Packed arrays or arrays in packed structs

baltevl · January 15, 2026, 12:56pm

Hey, there
I’m rewriting the xv6 kernel in Zig just for funs. While implementing the Interrupt Controller (PLIC; see spec) i need to access bit flags and a whole lot of them (or at least if i want to implement the spec correctly, there are only 2 really in use right now).
My first naive approach was to use an array in a packed struct…

pub const PLIC: *struct {
    const NUM_CONTEXTS = 15872;
    const NUM_SRCS = 1024;

    /// offset: 0x0
    /// size: 0x1000
    /// Notice: priorities[0] is reserved
    priorities: [NUM_SRCS]u32 = undefined,

    /// offset: 0x1000
    /// size: 0x80
    /// Notice: pending[0] is hardwired to false
    pending: [NUM_SRCS]bool = undefined,
    ...
} = 0x0c000000; // This is where qemu puts the PLIC

I soon figured out (aka. the compiler screamed at me…) that packed structs cann’t contain arrays (see Working around "packed structs cannot contain arrays", Using arrays in packed structs) and i guess there are reasons for this (see make `packed struct` always use a single backing integer, inferring it if not explicitly provided · Issue #10113 · ziglang/zig · GitHub).
And even if arrays would be allowed the total size of the PLIC is too big (I think this is a limitation of the implementation though).

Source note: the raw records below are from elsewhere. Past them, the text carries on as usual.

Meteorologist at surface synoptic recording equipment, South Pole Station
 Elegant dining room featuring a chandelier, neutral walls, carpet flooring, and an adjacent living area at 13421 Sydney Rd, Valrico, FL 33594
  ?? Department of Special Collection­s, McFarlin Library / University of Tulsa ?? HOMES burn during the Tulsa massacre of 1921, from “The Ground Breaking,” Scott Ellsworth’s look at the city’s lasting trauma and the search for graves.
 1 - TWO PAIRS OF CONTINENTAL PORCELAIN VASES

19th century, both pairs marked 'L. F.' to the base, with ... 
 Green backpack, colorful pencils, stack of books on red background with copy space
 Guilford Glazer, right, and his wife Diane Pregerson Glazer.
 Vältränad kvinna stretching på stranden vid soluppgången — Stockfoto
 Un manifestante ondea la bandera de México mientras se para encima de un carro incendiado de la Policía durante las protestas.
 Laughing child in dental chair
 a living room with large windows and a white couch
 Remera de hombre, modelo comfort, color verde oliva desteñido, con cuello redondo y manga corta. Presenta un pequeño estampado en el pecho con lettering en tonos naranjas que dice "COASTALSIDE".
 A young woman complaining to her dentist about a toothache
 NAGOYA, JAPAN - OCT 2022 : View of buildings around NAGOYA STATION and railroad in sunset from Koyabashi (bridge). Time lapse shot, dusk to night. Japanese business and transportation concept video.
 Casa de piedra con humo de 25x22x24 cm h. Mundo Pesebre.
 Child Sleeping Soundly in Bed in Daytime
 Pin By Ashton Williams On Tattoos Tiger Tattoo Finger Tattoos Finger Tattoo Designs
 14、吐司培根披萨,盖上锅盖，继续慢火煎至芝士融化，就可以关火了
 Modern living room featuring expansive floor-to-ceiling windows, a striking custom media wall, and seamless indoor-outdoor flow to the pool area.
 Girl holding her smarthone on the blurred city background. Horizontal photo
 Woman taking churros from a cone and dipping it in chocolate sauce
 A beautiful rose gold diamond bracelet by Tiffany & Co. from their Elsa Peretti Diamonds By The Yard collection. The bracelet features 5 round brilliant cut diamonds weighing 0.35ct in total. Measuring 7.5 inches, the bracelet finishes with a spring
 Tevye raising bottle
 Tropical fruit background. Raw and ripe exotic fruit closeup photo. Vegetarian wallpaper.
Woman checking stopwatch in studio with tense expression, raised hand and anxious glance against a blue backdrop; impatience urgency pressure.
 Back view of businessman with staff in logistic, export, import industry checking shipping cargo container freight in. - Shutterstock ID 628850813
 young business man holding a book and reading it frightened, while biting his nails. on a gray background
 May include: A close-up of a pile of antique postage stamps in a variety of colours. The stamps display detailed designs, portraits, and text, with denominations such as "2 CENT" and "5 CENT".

My next idea was to do something like:

pub const PLIC = struct {
    const NUM_CONTEXTS = 15872;
    const NUM_SRCS = 1024;
    const BASE = memlayout.PLIC;

    /// offset: 0x0
    /// size: 0x1000
    /// Notice: priorities[0] is reserved
    const priorities: *[NUM_SRCS]u32 = @ptrFromInt(@intFromPtr(PLIC.BASE) + 0x0);

    /// offset: 0x1000
    /// size: 0x80
    /// Notice: pending[0] is hardwired to false
    const pending: *[NUM_SRCS]bool = @ptrFromInt(@intFromPtr(PLIC.BASE) + 0x1000);
    ...

Which I like less that the first one but sure it’s not too bad, right? Yes, except there is a Problem.
The following code doesn’t panic (x86_64, 0.15.2):

pub fn main() !void {
    const a: *[2]u8 = @ptrFromInt(@intFromPtr(&[2]bool{ false, true }));
    @import("std").debug.assert(a[0] == 0);
    @import("std").debug.assert(a[1] == 1);
}

What I am trying to say is, that arrays are not bit packed and I don’t know a way to get what I want . Any ideas?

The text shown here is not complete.